• What is needed: Retype exactly the span of lines below from the one with "for Kids Girls" through the one with "Schwarzweiss-Reportage mit AR-Headset". Do not include pictures.

• Recorded data:
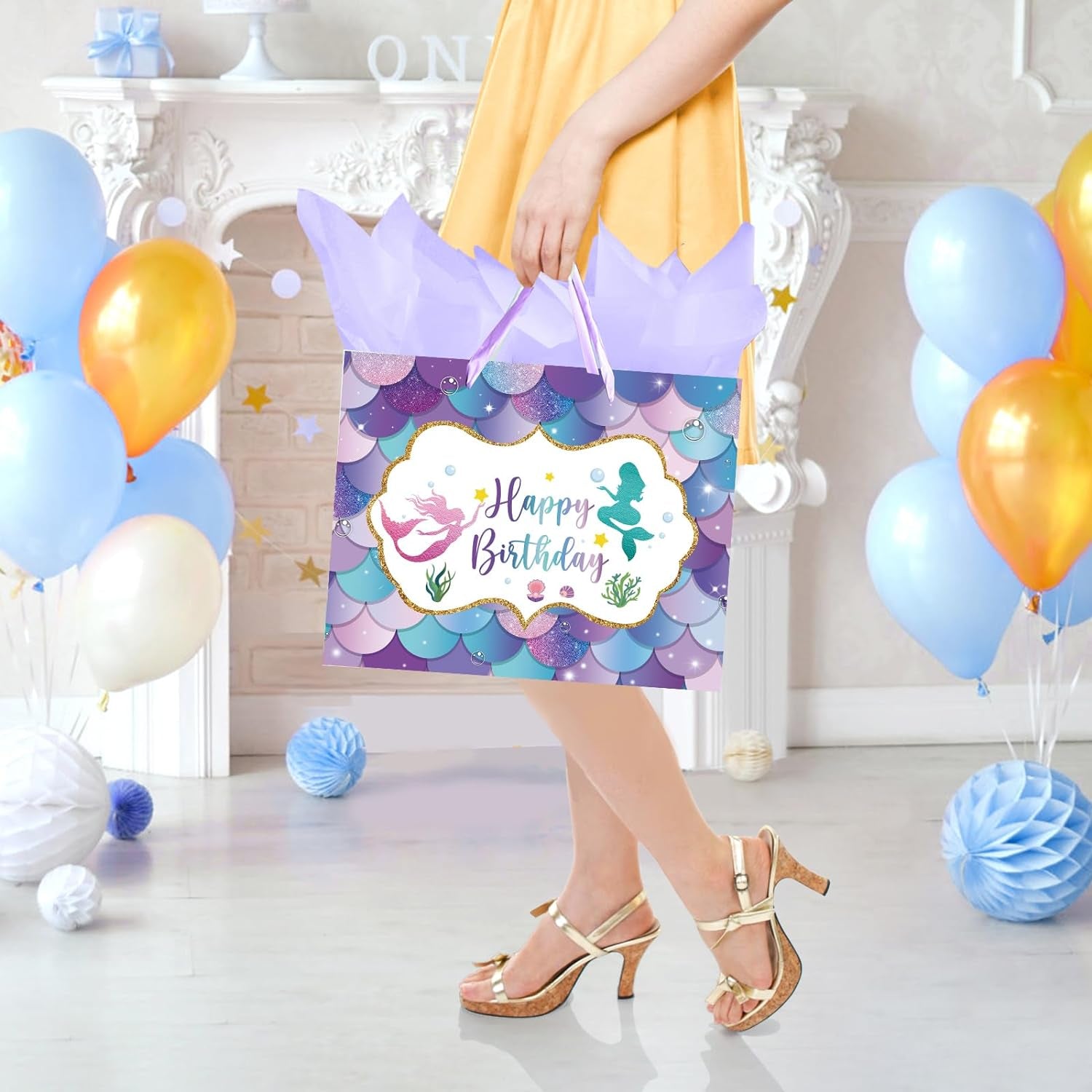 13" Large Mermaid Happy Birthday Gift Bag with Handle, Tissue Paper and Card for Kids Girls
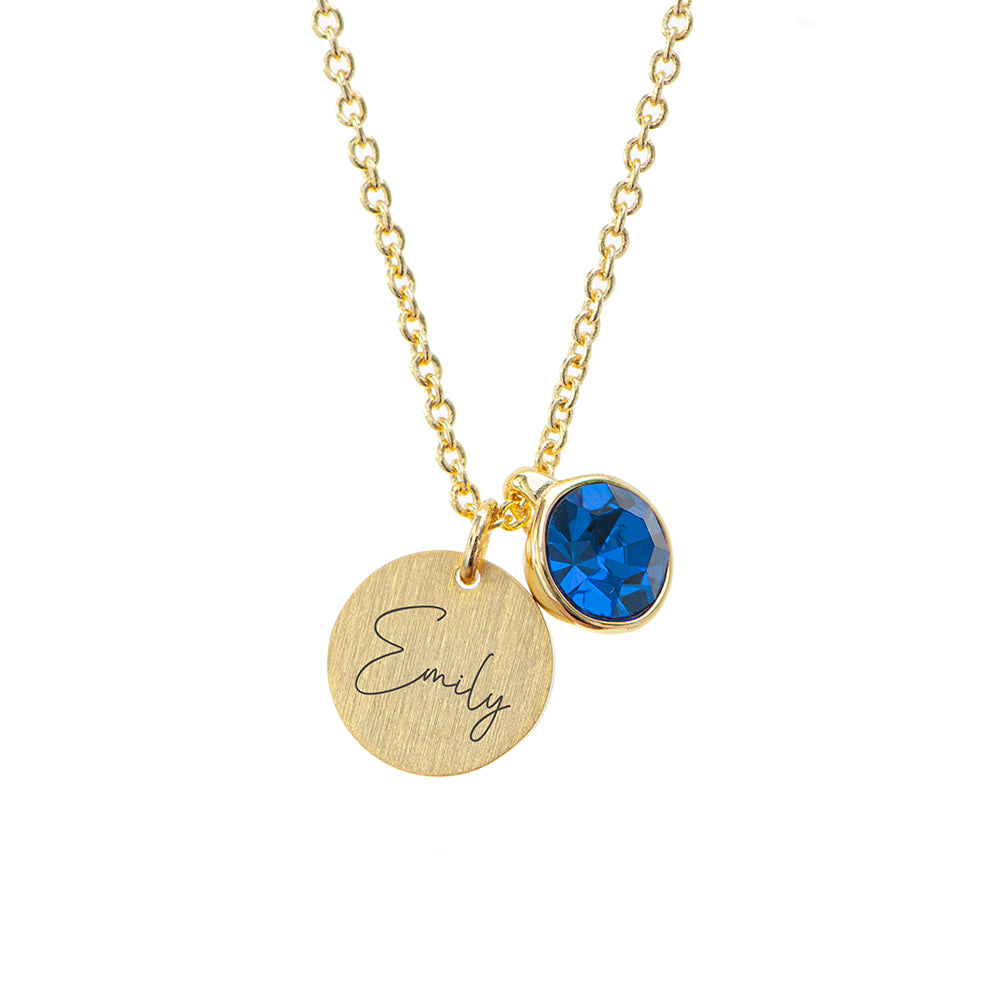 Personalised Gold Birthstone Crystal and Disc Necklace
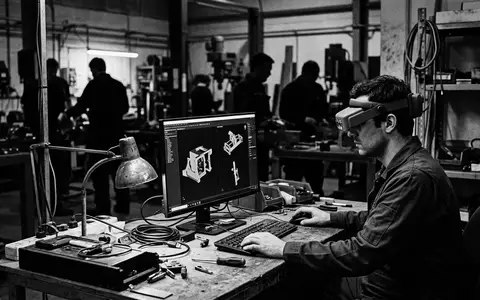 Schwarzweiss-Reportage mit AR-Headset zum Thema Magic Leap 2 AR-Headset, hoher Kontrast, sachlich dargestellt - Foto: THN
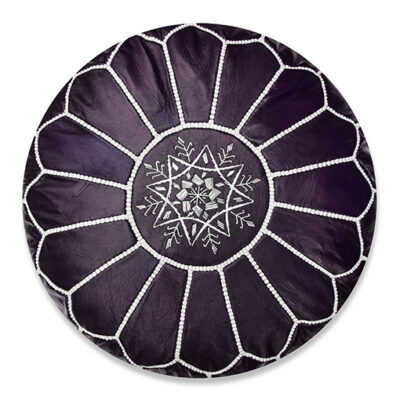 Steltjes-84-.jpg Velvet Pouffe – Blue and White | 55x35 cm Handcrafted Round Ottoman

* * *

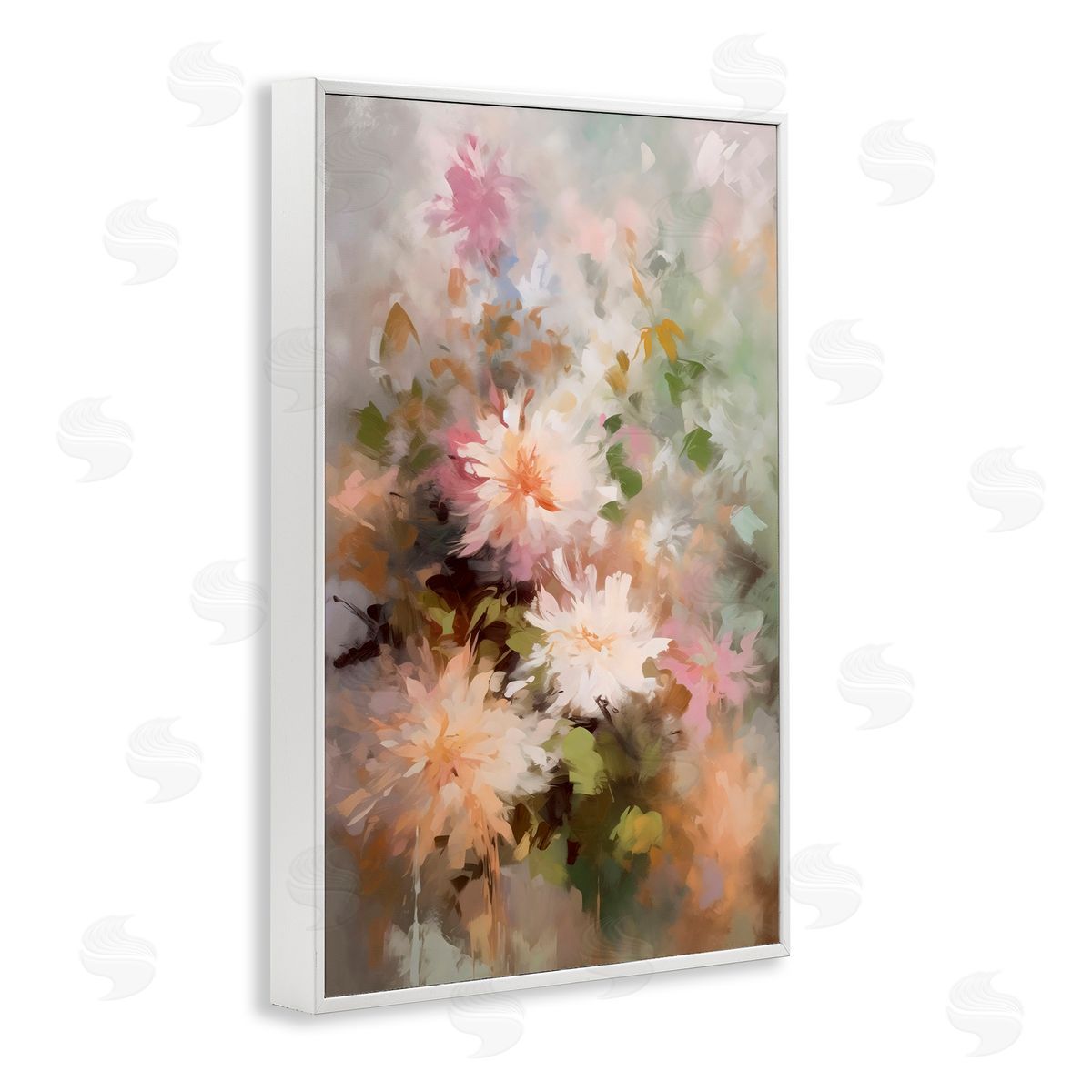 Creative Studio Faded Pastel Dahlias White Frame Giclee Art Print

• Solution to the problem:
 13" Large Mermaid Happy Birthday Gift Bag with Handle, Tissue Paper and Card for Kids Girls
 Personalised Gold Birthstone Crystal and Disc Necklace
 Schwarzweiss-Reportage mit AR-Headset zum Thema Magic Leap 2 AR-Headset, hoher Kontrast, sachlich dargestellt - Foto: THN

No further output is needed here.